WHAT THE EXERCISE ASKS: Copy the listing verbatim, excluding any images found in it.

EXERCISE DATA:

BEGIN

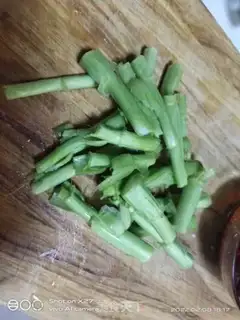 Make Red tofu step 1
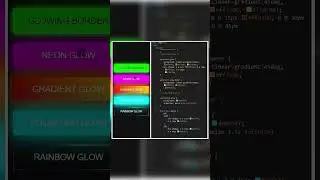 Glowing Button HTML/CSS 🔥 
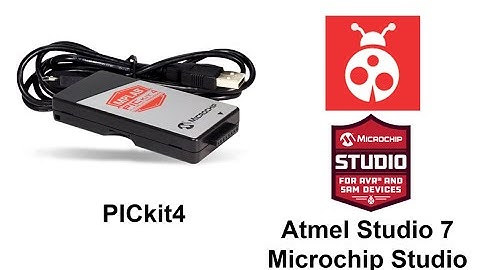 Pickit4 dans Atmel Studio ou Microchip Studio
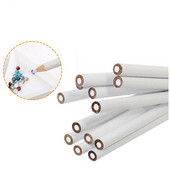 10 buc/lot Pix de punctat pentru unghii Instrumente de cules de strasuri de cristal Ceară de cules de creion Pixuri de ridicare cu strasuri Instrument de decorare #&HT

END

TASK SOLUTION:
 Make Red tofu step 1
 Glowing Button HTML/CSS 🔥 
 Pickit4 dans Atmel Studio ou Microchip Studio
 10 buc/lot Pix de punctat pentru unghii Instrumente de cules de strasuri de cristal Ceară de cules de creion Pixuri de ridicare cu strasuri Instrument de decorare #&HT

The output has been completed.